What should be remembered about Minneapolis, Minnesota, (but what is unlikely to ever show up in any official demographic studies) is that the area became a magnet for ambitious young Black males in the ’50s and ’60s seeking space, calm, and equal opportunity. The result was a remarkably high incidence of multi-racial families developing in an atmosphere of relative financial stability. Meaning that the Black population of Minneapolis is possessed of several characteristics distinct from the ghettoized norm. They haven’t eradicated the dark-skinned genotype, just amplified it with yet another strain.

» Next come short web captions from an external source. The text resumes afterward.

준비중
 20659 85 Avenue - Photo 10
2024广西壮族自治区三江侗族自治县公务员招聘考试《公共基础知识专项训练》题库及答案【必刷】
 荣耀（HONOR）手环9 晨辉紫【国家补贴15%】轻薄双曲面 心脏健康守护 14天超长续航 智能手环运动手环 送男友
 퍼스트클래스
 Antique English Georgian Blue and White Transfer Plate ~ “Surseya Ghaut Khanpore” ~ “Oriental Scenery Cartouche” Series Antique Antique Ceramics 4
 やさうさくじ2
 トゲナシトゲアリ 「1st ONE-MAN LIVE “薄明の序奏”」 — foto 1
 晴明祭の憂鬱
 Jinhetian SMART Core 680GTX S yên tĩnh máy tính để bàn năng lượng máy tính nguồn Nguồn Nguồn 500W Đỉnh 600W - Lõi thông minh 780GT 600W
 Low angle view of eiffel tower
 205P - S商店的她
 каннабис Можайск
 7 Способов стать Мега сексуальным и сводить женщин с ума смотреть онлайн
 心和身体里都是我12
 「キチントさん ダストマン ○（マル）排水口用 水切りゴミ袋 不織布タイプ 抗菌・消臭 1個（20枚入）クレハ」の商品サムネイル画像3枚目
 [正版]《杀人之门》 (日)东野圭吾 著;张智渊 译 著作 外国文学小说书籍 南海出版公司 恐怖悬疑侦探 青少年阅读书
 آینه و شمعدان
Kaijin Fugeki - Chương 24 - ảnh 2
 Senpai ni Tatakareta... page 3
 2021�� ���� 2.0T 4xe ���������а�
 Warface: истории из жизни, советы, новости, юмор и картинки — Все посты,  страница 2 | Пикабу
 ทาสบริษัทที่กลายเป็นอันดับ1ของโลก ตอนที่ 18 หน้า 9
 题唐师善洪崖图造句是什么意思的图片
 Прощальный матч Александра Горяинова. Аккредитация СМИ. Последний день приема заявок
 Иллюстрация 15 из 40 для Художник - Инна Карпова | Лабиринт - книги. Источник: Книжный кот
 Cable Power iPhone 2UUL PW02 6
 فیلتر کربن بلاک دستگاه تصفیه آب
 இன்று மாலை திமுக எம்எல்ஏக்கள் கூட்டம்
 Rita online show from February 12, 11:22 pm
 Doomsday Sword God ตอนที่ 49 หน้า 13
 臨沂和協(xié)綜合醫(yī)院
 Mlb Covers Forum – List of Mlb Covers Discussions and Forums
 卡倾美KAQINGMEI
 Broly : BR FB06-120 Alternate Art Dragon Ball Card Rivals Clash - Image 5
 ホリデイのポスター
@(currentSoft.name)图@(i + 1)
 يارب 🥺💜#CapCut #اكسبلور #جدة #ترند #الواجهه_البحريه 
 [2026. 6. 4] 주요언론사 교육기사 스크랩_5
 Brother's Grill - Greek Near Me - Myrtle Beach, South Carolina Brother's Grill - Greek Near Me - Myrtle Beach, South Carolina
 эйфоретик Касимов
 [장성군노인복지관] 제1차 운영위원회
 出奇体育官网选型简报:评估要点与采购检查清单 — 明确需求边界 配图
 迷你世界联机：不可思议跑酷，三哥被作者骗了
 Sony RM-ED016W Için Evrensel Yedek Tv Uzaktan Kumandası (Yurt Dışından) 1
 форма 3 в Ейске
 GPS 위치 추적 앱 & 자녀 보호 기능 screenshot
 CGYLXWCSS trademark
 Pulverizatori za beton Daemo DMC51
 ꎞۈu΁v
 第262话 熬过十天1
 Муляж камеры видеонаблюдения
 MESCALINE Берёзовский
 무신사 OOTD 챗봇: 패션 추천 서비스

Another genetic mood.

A part of this mood was a motivation towards upward mobility, and like many matriarchs of a nascent Black middle class, Prince’s mother was unhappy with her son’s increasing obsession with music. She tried sending our boy to various boarding schools as a cure, but that, coupled with an increasing dislike of a current stepfather forced Prince to migrate. He spent much of his early to middle teens gypsying about between the homes of various friends and relations, not all of them limited to the Midwestern outback of Minneapolis.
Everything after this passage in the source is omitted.